I could not have said it better myself. Yet the fact remains that I did not. The text above was not written by me, but rather by ChatGPT. Would anyone have known this, had I not revealed it? It’s possible, but far from sure.

This is just a small example of the risks associated with integrating Generative AI (GenAI) and other AI-powered platforms into organizations. With the AI train already barreling down the tracks towards day-to-day indispensability, now is the time for CISOs to pause, regroup and define limits for its responsible use.

Defining the Security and Privacy Risks

Before we dive into the policies, processes and best practices that can help mitigate the risks from GenAI, let’s take a quick look at the risks themselves.

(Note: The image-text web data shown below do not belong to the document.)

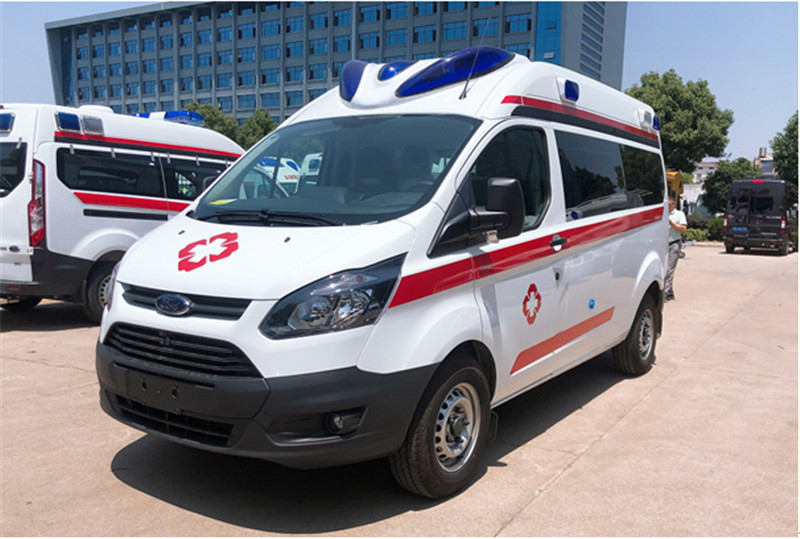 福特V362救護車 (3).jpg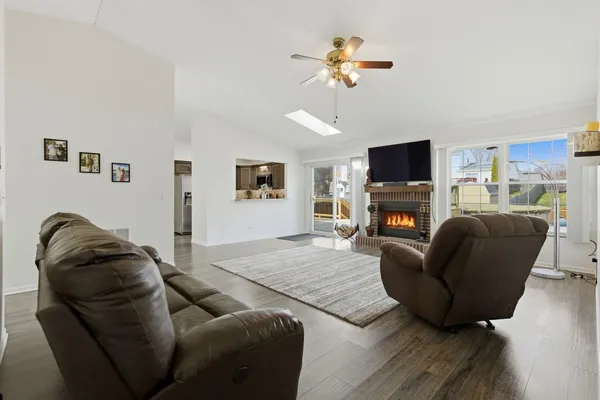 $320,000 | 3412 Harbor Ridge Drive, Zion, IL 60099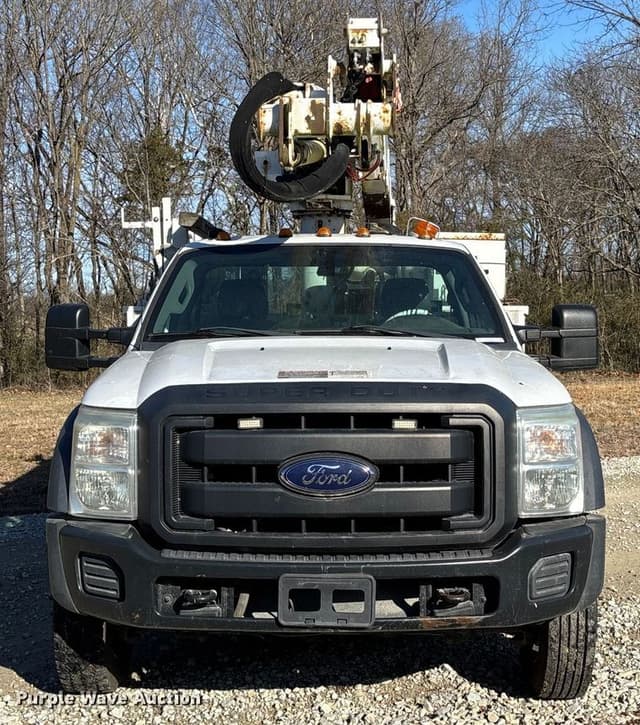 Image of Ford F-550 equipment image 1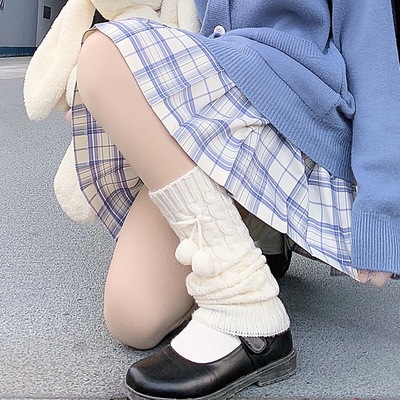 taobao agent Knitted student pleated skirt, woolen socks, Lolita style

GenAI poses cross-organizational risks to:

  • Compliance – Incorrect GenAI usage can create liabilities vis-à-vis relevant laws, regulations, and industry standards.
  • Privacy and confidentiality – GenAI technologies may inadvertently expose or disclose sensitive user information.
  • Intellectual Property – Content generated by GenAI may infringe on copyrights, trademarks, or other intellectual property rights.
  • Data security – GenAI platforms and services may have their own security vulnerabilities, putting enterprise data at risk.
  • Reputation and brand – GenAI can produce incorrect, inappropriate, or misleading information, potentially harming business operations and reputation.

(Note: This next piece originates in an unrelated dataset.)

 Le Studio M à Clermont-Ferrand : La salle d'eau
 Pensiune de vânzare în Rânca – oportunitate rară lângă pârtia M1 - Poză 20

Additionally, the integration of AI-powered technology has already given rise to a new type of cyberattack – prompt injection. As the name suggests, prompt injection attacks involve threat actors inserting malicious prompts or requests into interactive AI-power systems (like ChatGPT). These prompts are designed to deceive or manipulate users, resulting in unintended output or even disclosure of sensitive data.

The Principles of Responsible GenAI Use

Responsible generative AI use entails prioritizing ethical considerations, transparency, accountability, and human-centricity to ensure technology benefits society while mitigating potential risks and biases.

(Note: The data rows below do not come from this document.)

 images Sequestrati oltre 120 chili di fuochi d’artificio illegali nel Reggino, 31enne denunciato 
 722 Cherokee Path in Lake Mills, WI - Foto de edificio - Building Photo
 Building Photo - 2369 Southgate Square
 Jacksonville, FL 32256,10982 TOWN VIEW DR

Once again, I agree with ChatGPT on this one.

Enterprises are already using GenAI for various use cases, including research and development, code quality improvement, data analysis, customer service, content creation, personalization, automation, and innovation.

CISOs and enterprise security stakeholders need to develop policies that ensure responsible implementation of GenAI technology, focusing on acceptable use, implementation guidelines, and risk management. Managing these risks starts with user education – creating a culture of responsible AI use through training and awareness programs. Security stakeholders also need to ensure that regular and thorough impact assessments are conducted to identify potential risks and biases, alongside regular audits and continuous monitoring.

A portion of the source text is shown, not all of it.